# [WHAT TO WORK ON]
The answer must consist of every line in the data that contains "White".

[[ INPUT, beginning ]]

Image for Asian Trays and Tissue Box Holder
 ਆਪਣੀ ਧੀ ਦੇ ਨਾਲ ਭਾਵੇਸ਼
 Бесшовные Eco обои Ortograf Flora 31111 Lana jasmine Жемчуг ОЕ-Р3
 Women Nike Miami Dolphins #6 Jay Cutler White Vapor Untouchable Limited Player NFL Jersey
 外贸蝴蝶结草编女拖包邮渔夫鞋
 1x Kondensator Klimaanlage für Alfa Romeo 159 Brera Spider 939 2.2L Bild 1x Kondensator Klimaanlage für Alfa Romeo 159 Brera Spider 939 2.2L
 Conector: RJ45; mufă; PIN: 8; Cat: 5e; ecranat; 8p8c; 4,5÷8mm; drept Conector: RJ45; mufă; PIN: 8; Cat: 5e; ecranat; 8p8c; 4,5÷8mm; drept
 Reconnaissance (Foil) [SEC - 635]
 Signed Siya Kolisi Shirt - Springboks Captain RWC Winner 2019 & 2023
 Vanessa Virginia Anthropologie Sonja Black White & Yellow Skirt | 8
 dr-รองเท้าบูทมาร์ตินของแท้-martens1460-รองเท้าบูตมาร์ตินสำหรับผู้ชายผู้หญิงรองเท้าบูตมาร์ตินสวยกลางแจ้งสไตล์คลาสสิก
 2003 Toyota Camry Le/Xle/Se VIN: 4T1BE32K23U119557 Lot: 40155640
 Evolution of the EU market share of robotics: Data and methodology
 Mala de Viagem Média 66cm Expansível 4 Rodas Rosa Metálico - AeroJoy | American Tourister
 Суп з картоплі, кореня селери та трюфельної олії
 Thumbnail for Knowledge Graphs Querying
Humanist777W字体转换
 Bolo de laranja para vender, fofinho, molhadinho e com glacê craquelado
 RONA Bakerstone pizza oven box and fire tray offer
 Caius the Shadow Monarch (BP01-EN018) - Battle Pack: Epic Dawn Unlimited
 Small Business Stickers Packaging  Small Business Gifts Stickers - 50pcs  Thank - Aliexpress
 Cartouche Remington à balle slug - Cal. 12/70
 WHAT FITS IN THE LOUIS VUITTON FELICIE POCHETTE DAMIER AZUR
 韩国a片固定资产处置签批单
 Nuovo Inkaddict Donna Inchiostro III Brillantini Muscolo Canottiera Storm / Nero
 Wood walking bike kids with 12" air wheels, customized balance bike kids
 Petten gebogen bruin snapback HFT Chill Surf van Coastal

[[ INPUT, end ]]

# [RESULT OF THE EXERCISE]
 Women Nike Miami Dolphins #6 Jay Cutler White Vapor Untouchable Limited Player NFL Jersey
 Vanessa Virginia Anthropologie Sonja Black White & Yellow Skirt | 8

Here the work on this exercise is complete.